Mayınlı arazinin ardından dikenli tellerle çevrili bölgeye ulaşmaktan başka bir şey değildi basın mensuplarının
yolculuğu. Haberi yakalayıp halka sunmaktan söyleyecek sözü olanların kitlelere ulaşabilmesine kadar uzun bir
maraton koşusu. Darbelerden sansüre işsizlikten ayak oyunlarına boğaz tokluğuna çalışmaktan kurtuluşa
uzanan soluksuz gecesi gündüzü belli olmayan bir macera.

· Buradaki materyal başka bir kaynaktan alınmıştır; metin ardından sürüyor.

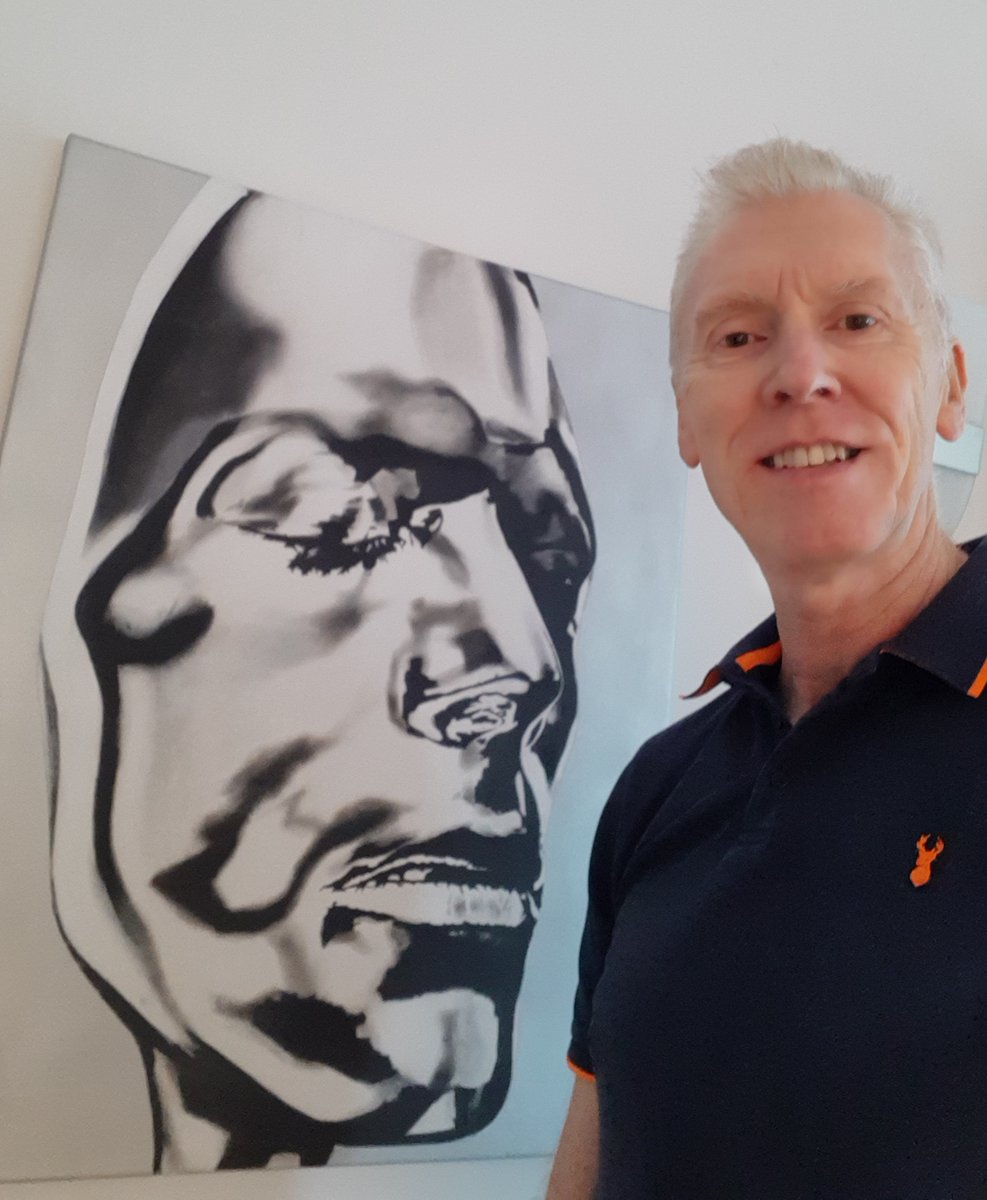 DavidLedain's tweet photo. For years I wore a mask. I'm glad I'm me now⚡️ #bowiemask @TradeMarkArt https://t.co/43tLu3jqA9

Ve yılların içinden geçerek bu macerada kalmayı başaran her bir basın mensubu diğerlerinin de geçtiği mayınlı
yolu yürüdü dikenli telleri kesip bugüne geldi. Ama yarınlarının garantisi hiç bir zaman olmadı. İşsizliğin
çaresizliğin dehlizlerinden çıkıp Bab-ı Ali'nin Bizans oyunlarının gölgesinde kendi ışıklarını var ettiler. Ve basın
özgürlüğünün sıkça tartışılır hale geldiği bugünlerde; Türkiye'nin önemli köşe yazarları ve gazetecileri kendi
tehlikeli maratonlarını ilk kez iç dünyalarının da kapılarını açarak anlattı...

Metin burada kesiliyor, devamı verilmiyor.